**What the task requires**
In the entries below, find the line with "Gas Cylinder 12.5" and print exactly every line from there up to and including the line with "Nissan SERENA 2011-10 335373-17", with no other lines.

**Records shown**
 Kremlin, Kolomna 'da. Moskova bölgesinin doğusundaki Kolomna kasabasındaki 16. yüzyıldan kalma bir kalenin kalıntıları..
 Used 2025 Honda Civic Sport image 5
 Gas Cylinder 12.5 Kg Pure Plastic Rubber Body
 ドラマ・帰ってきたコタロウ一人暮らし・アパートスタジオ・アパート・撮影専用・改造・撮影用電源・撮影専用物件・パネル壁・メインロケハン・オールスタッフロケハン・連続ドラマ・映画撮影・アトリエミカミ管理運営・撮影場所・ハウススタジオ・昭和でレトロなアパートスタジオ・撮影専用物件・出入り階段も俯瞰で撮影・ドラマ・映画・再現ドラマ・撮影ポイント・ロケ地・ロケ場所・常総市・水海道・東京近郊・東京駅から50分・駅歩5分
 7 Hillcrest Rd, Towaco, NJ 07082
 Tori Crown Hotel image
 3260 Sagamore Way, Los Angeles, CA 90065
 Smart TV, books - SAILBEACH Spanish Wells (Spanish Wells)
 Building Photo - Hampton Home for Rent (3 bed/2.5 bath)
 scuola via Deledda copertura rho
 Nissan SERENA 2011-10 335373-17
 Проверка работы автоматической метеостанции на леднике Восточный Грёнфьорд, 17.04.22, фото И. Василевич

**Answer to this exercise**
 Gas Cylinder 12.5 Kg Pure Plastic Rubber Body
 ドラマ・帰ってきたコタロウ一人暮らし・アパートスタジオ・アパート・撮影専用・改造・撮影用電源・撮影専用物件・パネル壁・メインロケハン・オールスタッフロケハン・連続ドラマ・映画撮影・アトリエミカミ管理運営・撮影場所・ハウススタジオ・昭和でレトロなアパートスタジオ・撮影専用物件・出入り階段も俯瞰で撮影・ドラマ・映画・再現ドラマ・撮影ポイント・ロケ地・ロケ場所・常総市・水海道・東京近郊・東京駅から50分・駅歩5分
 7 Hillcrest Rd, Towaco, NJ 07082
 Tori Crown Hotel image
 3260 Sagamore Way, Los Angeles, CA 90065
 Smart TV, books - SAILBEACH Spanish Wells (Spanish Wells)
 Building Photo - Hampton Home for Rent (3 bed/2.5 bath)
 scuola via Deledda copertura rho
 Nissan SERENA 2011-10 335373-17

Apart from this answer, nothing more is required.